» Short web captions:
★ ★ ★ ★

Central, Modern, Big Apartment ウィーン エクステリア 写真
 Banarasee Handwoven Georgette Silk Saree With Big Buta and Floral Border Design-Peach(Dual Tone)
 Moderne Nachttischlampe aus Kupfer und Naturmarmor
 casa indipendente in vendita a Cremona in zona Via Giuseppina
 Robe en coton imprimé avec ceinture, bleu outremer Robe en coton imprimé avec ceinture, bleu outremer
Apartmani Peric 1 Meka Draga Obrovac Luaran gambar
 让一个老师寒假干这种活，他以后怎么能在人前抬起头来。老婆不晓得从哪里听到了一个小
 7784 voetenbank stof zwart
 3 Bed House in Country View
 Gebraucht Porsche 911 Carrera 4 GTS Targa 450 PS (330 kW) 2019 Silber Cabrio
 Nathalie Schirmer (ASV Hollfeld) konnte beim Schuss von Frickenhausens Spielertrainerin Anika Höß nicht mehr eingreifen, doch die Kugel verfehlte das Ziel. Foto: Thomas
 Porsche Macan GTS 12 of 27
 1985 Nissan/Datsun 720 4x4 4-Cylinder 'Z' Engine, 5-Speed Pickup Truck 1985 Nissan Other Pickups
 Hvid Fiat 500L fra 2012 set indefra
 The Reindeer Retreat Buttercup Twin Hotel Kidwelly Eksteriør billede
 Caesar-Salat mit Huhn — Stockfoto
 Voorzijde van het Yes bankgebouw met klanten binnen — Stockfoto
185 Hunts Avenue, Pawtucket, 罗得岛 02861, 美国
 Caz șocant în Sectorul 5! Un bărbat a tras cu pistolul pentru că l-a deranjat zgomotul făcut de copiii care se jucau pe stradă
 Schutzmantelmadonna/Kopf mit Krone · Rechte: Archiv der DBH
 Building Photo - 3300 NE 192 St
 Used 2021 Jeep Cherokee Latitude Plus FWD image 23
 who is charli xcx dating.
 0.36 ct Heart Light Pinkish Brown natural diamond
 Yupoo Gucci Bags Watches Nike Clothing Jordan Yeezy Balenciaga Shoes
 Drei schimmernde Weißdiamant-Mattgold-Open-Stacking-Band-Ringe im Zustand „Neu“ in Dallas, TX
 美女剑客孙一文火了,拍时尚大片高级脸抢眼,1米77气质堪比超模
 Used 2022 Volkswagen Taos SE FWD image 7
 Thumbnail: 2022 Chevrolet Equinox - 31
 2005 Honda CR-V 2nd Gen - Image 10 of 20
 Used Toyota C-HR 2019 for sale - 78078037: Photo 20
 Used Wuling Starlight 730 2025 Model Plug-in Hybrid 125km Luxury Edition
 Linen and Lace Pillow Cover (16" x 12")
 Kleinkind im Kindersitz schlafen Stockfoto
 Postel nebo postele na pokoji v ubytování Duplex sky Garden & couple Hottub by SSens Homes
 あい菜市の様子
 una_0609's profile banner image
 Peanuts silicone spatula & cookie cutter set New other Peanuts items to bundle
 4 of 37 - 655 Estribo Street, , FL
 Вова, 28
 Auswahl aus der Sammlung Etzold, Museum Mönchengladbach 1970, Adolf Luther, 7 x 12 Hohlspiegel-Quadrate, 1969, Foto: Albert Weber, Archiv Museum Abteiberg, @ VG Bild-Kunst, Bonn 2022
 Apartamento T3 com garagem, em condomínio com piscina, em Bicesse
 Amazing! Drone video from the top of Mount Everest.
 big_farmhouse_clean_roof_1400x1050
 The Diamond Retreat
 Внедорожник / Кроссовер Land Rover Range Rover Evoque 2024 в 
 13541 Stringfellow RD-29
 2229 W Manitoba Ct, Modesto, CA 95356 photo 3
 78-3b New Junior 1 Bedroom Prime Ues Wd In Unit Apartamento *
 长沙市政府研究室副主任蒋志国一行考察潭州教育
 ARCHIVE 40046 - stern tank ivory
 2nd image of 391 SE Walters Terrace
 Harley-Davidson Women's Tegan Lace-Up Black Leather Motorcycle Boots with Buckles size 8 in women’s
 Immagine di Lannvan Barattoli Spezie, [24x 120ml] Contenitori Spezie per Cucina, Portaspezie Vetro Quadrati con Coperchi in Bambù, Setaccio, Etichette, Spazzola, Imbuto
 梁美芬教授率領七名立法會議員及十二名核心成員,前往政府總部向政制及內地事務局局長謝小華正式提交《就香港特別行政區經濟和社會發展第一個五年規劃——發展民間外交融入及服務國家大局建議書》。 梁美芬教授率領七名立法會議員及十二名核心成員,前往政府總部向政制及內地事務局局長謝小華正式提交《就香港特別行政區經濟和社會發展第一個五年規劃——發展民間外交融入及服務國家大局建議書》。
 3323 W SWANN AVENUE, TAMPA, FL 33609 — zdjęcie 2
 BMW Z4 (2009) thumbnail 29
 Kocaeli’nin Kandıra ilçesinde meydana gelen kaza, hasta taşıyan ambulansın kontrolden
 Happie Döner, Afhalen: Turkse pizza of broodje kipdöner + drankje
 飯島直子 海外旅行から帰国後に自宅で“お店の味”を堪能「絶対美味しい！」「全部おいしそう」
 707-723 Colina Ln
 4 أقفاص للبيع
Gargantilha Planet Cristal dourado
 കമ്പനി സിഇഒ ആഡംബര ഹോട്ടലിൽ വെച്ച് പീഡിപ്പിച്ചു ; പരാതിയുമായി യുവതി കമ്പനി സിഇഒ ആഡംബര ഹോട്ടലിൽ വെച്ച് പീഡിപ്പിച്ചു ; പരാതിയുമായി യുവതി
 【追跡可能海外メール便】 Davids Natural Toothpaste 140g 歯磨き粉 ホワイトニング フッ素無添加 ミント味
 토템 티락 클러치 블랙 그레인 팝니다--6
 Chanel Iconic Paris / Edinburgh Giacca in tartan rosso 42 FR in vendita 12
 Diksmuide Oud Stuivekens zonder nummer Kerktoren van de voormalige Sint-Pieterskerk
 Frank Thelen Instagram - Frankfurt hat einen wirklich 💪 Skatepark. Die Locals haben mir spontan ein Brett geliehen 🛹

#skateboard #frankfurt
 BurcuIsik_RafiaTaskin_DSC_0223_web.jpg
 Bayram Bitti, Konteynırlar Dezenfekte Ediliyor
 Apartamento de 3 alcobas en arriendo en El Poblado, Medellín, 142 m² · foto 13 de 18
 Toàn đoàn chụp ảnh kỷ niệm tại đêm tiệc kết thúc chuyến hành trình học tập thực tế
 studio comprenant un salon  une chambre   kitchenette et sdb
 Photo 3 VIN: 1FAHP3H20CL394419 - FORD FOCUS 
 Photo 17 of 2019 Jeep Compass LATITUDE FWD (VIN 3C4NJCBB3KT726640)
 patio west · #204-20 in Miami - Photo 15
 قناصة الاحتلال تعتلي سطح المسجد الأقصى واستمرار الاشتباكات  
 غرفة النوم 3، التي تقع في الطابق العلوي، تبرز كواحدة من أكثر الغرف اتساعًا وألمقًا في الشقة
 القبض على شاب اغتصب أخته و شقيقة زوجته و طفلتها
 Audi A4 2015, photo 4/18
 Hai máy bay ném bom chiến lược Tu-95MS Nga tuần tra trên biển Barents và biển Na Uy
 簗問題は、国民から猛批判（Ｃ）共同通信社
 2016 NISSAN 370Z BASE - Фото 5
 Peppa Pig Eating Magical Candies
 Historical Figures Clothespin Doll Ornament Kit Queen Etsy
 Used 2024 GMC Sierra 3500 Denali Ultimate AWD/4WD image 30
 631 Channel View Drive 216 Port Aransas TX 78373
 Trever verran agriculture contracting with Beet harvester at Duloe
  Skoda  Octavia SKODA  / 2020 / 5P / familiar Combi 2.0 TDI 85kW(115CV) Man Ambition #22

★ ★ ★ ★

» PROBLEM DESCRIPTION:
Write out exactly the lines above from the line with "big_farmhouse_clean_roof_1400x1050" through the line with "Harley-Davidson Women's Tegan", both of them included, and leave out all other lines.

» RESPONSE BELOW:
 big_farmhouse_clean_roof_1400x1050
 The Diamond Retreat
 Внедорожник / Кроссовер Land Rover Range Rover Evoque 2024 в 
 13541 Stringfellow RD-29
 2229 W Manitoba Ct, Modesto, CA 95356 photo 3
 78-3b New Junior 1 Bedroom Prime Ues Wd In Unit Apartamento *
 长沙市政府研究室副主任蒋志国一行考察潭州教育
 ARCHIVE 40046 - stern tank ivory
 2nd image of 391 SE Walters Terrace
 Harley-Davidson Women's Tegan Lace-Up Black Leather Motorcycle Boots with Buckles size 8 in women’s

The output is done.